From a very early period of his studies. Sir W. Hamilton was in the habit of noting in a commonplace-book the results of his philosophical reading. This large folio embraces with extraordinary comprehensiveness and minuteness, and in a methodized form, the literature of philosophical questions. It bears ample testimony to the nature and extent of his studies, from the time when he left Oxford until the date of the publication of the first instalment of his views in speculative philosophy, in 1829. In this year appeared in the Edinburgh Review an article on the philosophical opinions of M. Victor Cousin, whose fame as a professor of philosophy in Paris was then deservedly of the highest order. From the appearance of this review we have to date the commencement of its author's speculative influence and reputation. This remarkable essay was greatly in advance of the philosophical education of our own country. In France, and on the continent generally, it attracted from the first the notice and admiration which it justly deserved. The distinguished philosopher, whose opinions were subjected to criticism—searching, trenchant, severe, yet courteous—was among the first to recognize and proclaim the eminent merit of the review. The essay on the Philosophy of the absolute, as the review of M. Cousin's work was afterwards entitled, was followed by two papers contributed to the same periodical, which were hardly less powerful or striking. The one was a review of the doctrines of Reid and Brown on the subject of external perception, and appeared in 1830; the other referring to recent publications on logical science, being a criticism chiefly of Dr. Whately's Logic, appeared in 1833. Sir W. Hamilton also contributed to the Edinburgh several articles on education, at once profound in matter and lofty in tone. To the articles on education are to be attributed in great measure the movements towards university reform, which of late years have been taking place in the English and Scottish universities.

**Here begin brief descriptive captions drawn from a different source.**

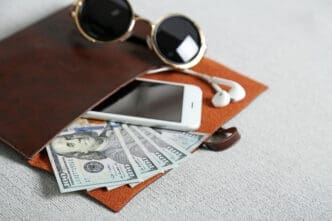 A brown leather folio holding a smartphone, earbuds, and US dollar bills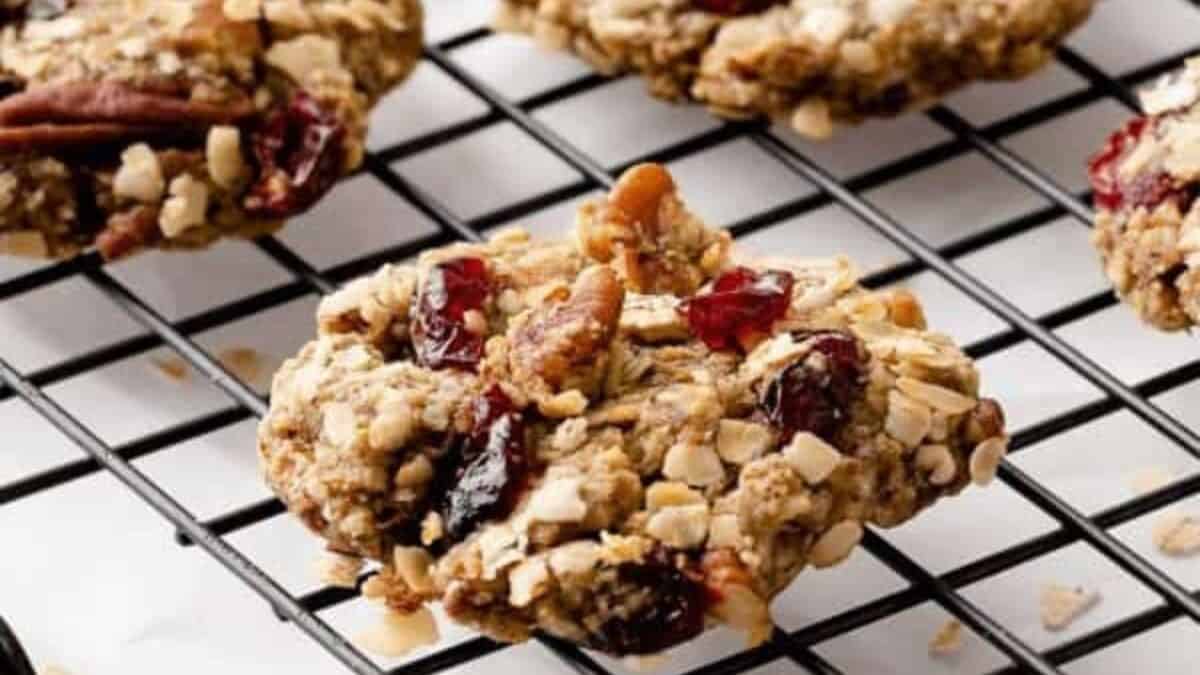 Close-up of several oatmeal cookies with visible nuts and dried cranberries cooling on a black wire rack. The cookies appear chunky and textured, with a mix of oats and dried fruit. The background is out of focus, highlighting the cookies.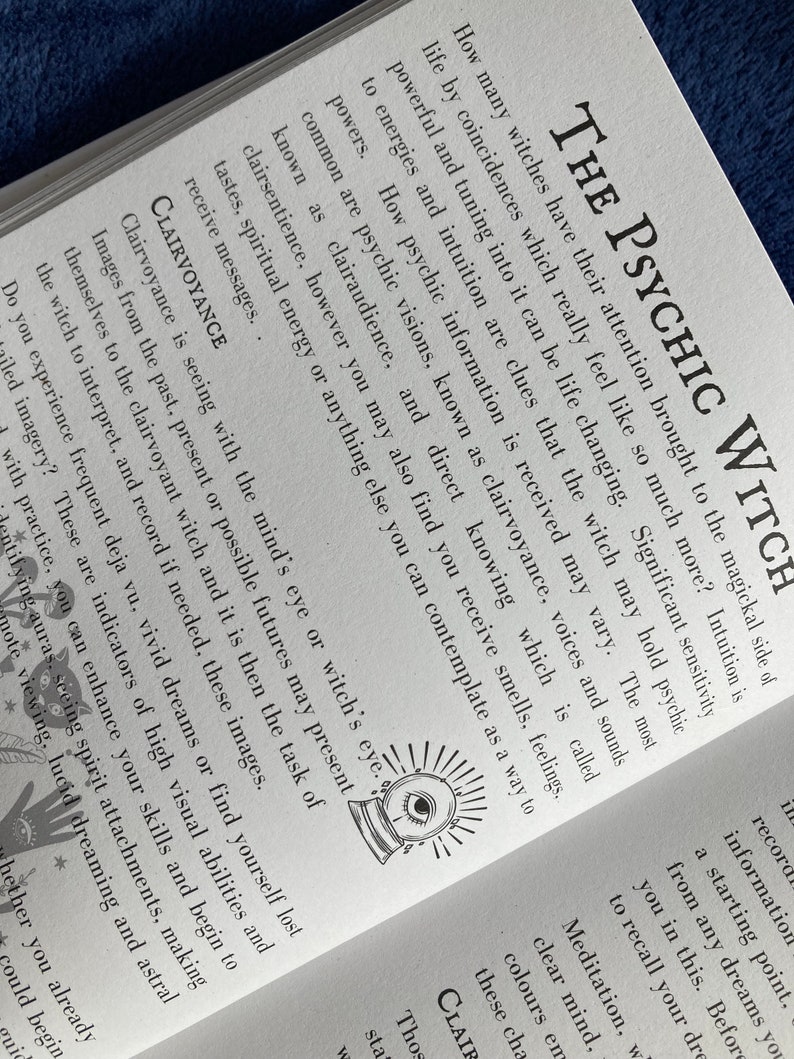 May include: A book cover with the title "The Psychic Witch" in black text. The cover features a black and white illustration of a crystal ball with an eye inside. The text below the title reads "How many witches have their attention brought to the magickal side of life by coincidences which really feel like so much more?"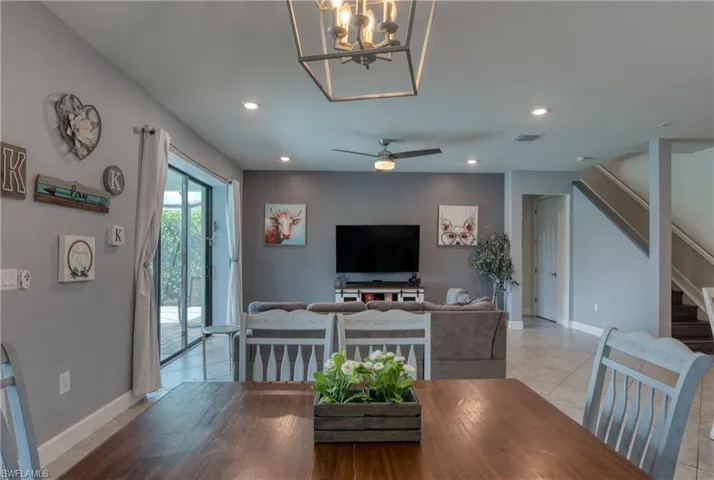 Dining space with light tile patterned floors and ceiling fan with notable chandelier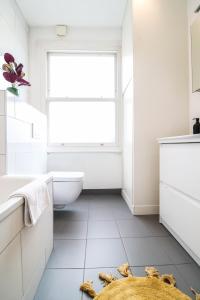 a bathroom with a window and a toilet and a sink at Modern & spacious 1 bedroom Clapham Junction flat in London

The principal contributions of Sir W. Hamilton to the Edinburgh Review on philosophy, education, and literature, were collected and republished by their author in one volume, entitled, "Discussions on Philosophy," in 1852. In the appendix to this volume the author developes to some extent his new logical theory. His edition of Reid, with notes and dissertations, appeared in 1846. Sir W. Hamilton was occupied at the time of his death on a new edition of the works of Dugald Stewart, which he had completed, with the exception of the memoir of their author, proposed to be added to the collected works. The lectures on metaphysics and logic which Sir W. Hamilton was in the habit of delivering to his class in the university in alternate years, were published posthumously in 1859-60, under the editorial superintendence of Professor Mansel of Oxford, and Professor Veitch of St. Andrews.

The two great sources of influence by which the mind of Hamilton was most powerfully moulded, were doubtless the writings of Aristotle and Kant. The speculations of Reid had also a part, though a subordinate one, in this work. To Aristotle Hamilton is related by the extremely dialectical cast of his mind, the subtlety and minuteness of his distinctions, the prodigality of his refinements, and the precision and condensation of his philosophical style—demanding at every step, to make it living, the exercise of the reader's power of reflection. To the writings of Kant, and to the results of German speculation in general, Hamilton is largely indebted, not only for suggestions of much of what is positive in his doctrines, but even for those positions of antagonism both to Kantian and absolutist speculation which his marvellous critical power evoked from the study of these writings. His theory of the conditioned is, for example, an illustration of the latter statement. Our limits, however, do not allow of our entering into proof or detail on these points. In common with Reid, Hamilton holds firmly by fact and reality, even where these transcend philosophical comprehension, and cannot be brought within the sphere of symmetrical deduction. This is manifest from even a general view of what may be called his philosophical method; which is simply the study of consciousness in its integrity, as the supreme organon of philosophy. The facts of consciousness are to be accepted by us, not in so far only as we can make them the points in a chain of reasoned explication or demonstration; but as the co-ordinate data of an authentic testimony, which it is sufficient to show are not inconsistent with each other. Although Sir W. Hamilton was largely indebted to his predecessors, and obtained, as must be acknowledged, his doctrines more in the way of criticism of the results of others, than by direct psychological observation, he was, however, no servile borrower. The half-applied principle, the neglected truth, was grasped with a steadier and bolder hand; its full force and significance were disclosed; found inoperative, it was rendered living and fruitful by the touch of philosophical genius.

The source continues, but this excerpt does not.